Real Gardens

Hellooooo, March!

We thought you'd never get here.  We never realized before what you mean to us.  How you may just be the prettiest month of the year, despite what anybody says. 

So to bring glory to your name we offer a humble sampling of the floral splendor you'll be bringing to the gardens of so many color-starved plant-worshipers, at least the ones here in Zone 7 (and some careful zone-pushers in Zone 6).  
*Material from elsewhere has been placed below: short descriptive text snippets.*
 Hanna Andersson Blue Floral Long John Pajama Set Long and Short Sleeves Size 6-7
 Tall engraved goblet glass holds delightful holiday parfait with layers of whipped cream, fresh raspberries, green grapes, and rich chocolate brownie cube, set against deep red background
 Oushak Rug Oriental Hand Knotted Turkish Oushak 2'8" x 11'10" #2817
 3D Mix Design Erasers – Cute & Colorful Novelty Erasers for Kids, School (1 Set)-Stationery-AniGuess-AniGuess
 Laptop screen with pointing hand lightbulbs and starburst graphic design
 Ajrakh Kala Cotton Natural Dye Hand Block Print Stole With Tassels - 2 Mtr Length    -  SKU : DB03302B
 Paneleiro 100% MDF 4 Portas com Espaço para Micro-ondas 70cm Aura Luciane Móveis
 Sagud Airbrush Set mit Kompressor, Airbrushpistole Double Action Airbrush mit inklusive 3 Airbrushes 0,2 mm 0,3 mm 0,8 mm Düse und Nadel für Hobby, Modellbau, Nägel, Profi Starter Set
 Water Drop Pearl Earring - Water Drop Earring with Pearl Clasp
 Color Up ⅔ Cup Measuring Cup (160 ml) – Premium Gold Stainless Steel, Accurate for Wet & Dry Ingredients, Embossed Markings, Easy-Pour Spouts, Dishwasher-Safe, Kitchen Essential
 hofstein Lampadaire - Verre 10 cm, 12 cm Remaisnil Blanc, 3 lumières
DaffodilsFlickrAndrewStawarz
                             Daffodils photo credit.

MuscariFlickrfotogabry
                   Grape hyacinth photo credit.

HelleboreFlickrXerones
                         Hellebore photo credit. 

CrocusFlickrSwamibu

      Crocuses at Kew Gardens in London.  Photo credit.

Purpletulips1-400 

                            Tulips in my garden.

Sun-worshipping, too
Of course it's not just color we miss, or we'd all be happy with cut flowers from Ecuador.  We miss the warmth of the sun, dammit.  Finally last weekend it actually warmed up enough for me – and several of my neighbors, I noticed – to sit in the sun and just soak it in. 

Speaking of the sun, my orthopedist told me that vitamin D deficiency is rampant, and I wonder if that's true of us gardeners. If we slather up and cover up, are we missing out on something we need?  Anyway, this month I plan to do some serious sun-sitting – on doctor's orders.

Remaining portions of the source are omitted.